--- START ---

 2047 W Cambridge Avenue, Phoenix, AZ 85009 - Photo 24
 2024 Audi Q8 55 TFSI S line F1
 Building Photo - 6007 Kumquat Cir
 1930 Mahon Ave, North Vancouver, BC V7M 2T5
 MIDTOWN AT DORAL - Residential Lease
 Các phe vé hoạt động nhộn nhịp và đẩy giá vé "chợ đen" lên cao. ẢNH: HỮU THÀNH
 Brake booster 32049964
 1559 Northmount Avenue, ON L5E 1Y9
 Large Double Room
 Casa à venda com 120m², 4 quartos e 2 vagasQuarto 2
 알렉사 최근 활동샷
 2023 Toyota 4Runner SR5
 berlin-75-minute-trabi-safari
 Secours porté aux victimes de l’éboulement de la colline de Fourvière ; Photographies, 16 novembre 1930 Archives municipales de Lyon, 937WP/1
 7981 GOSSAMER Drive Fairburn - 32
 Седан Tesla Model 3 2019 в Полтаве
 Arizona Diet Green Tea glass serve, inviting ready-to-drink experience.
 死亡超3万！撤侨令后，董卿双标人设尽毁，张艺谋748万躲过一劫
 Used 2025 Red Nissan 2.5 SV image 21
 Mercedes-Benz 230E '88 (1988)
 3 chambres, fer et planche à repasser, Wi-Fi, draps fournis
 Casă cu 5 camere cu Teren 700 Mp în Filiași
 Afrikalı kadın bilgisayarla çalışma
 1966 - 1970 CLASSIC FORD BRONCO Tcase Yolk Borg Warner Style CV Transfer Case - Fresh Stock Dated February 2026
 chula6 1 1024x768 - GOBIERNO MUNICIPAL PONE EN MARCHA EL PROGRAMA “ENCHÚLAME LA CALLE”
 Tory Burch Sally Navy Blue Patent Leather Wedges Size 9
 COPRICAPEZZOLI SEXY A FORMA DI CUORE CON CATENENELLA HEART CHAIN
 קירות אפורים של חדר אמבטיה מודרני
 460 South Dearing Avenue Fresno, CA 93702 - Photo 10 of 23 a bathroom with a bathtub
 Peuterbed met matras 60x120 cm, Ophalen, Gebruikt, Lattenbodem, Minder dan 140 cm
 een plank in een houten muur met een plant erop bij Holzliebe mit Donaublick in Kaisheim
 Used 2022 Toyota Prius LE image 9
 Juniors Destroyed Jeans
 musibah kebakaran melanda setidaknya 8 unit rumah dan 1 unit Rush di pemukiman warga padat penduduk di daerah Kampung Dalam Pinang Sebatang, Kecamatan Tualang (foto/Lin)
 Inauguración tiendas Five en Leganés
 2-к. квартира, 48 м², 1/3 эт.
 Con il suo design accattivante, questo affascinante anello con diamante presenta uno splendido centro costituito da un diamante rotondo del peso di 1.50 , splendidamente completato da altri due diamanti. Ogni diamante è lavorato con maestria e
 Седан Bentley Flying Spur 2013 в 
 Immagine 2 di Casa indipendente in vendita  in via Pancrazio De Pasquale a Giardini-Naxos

--- END ---

Exercise instructions: Exactly as they appear, print the lines from the one holding "Седан Bentley Flying Spur 2013 в" through the final line of the entries, and no others.

Written answer:
 Седан Bentley Flying Spur 2013 в 
 Immagine 2 di Casa indipendente in vendita  in via Pancrazio De Pasquale a Giardini-Naxos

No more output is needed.